Outros R$ 40 milhões de recursos da pasta para a melhoria de serviços de saneamento básico em pequenas comunidades rurais e quilombolas também foram limados pelo presidente.
No Ministério da Justiça e Segurança Pública, houve cortes nas despesas com a defesa do consumidor, de R$ 429,8 mil, e nos recursos para regularização e demarcação das terras indígenas e proteção dos povos mais antigos do país do orçamento da na Fundação Nacional do Índio (Funai), que somaram R$ 1,6 milhão. A principal tesourada da pasta,no entanto, ocorreu nos cursos para a formação de novos policiais, de R$ 52,7 milhões.
Incêndios florestais
A fiscalização nas alfândegas e a proteção ambiental também foram prejudicadas pelos cortes de Bolsonaro na Lei Orçamentária Anual (LOA) deste ano.
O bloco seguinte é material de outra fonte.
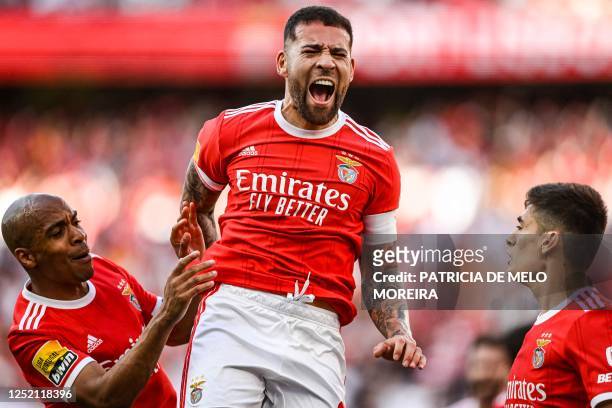 Benfica's Argentine defender Nicolas Otamendi celebrates scoring the opening goal during the Portuguese league football match between SL Benfica and...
O Ministério do Meio Ambiente sofreu cortes nas estratégias de preservação ambiental e recuperação da biodiversidade, incluindo a prevenção de incêndios em florestas. Ao todo, a tesourada da pasta girou em torno de R$ 35 milhões. Já o Ministério da Economia suprimiu R$ 85,8 mil para a auditoria e a fiscalização aduaneira.
O incentivo para a geração de energia renovável e o Programa Nacional de Biocombustíveis (Renovabio) foram os sacrificados no Ministério de Minas e Energia, que teve R$ 11,4 milhões das despesas reduzidas. Apenas na Companhia de Pesquisa de Recursos Minerais (CPRM), estatal subordinada à pasta, a tesourada foi de R$ 7,8 milhões nos gastos com levantamento geológico e integração geológica.
O Ministério da Defesa sofreu cortes nos programas de blindados e de submarinos convencionais, assim como a implantação da infraestrutura para o Programa Estratégico de Sistemas Espaciais (PESE), somando pouco mais de R$ 61 milhões em redução de despesas. Curiosamente, entre elas, há uma rubrica de “caráter sigiloso” que sofreu corte de R$ 85,9 mil — número que aparece em cortes de outras pastas com frequência.